◆ **Source data**:
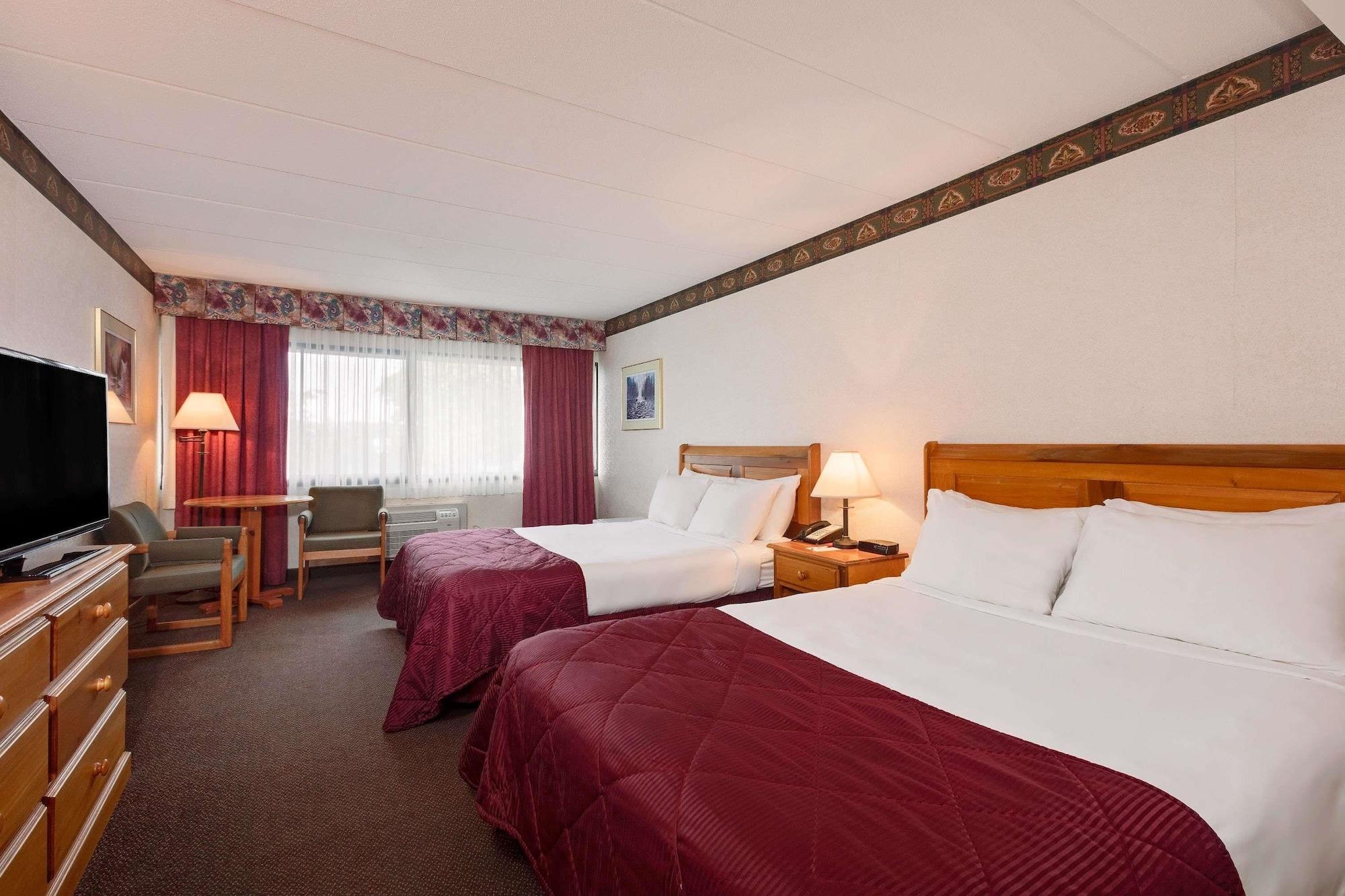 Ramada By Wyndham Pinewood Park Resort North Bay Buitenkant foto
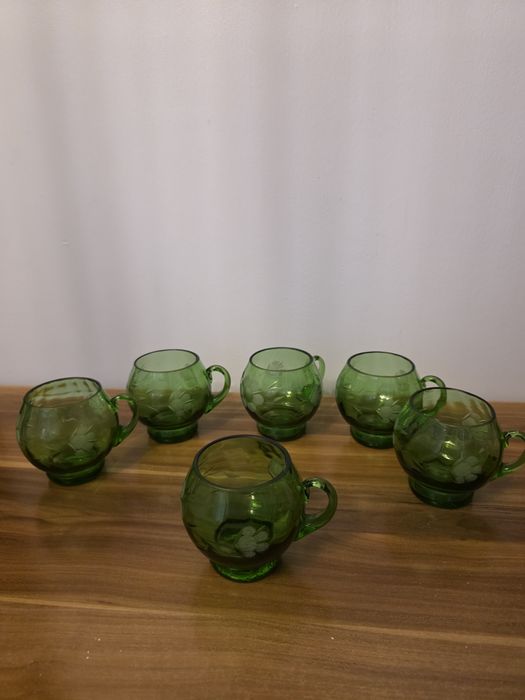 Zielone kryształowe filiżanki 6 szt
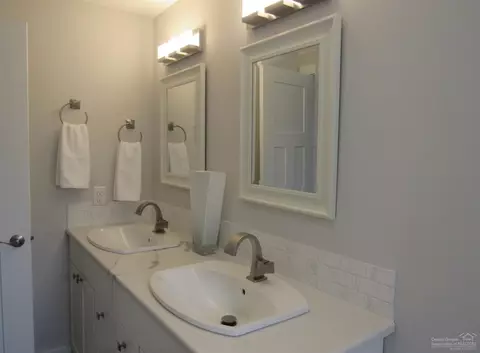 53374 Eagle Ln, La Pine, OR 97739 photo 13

◆ **Task goal**:
Please retype the whole listing above word for word and drop the pictures.

◆ **Answer to the exercise**:
 Ramada By Wyndham Pinewood Park Resort North Bay Buitenkant foto
 Zielone kryształowe filiżanki 6 szt
 53374 Eagle Ln, La Pine, OR 97739 photo 13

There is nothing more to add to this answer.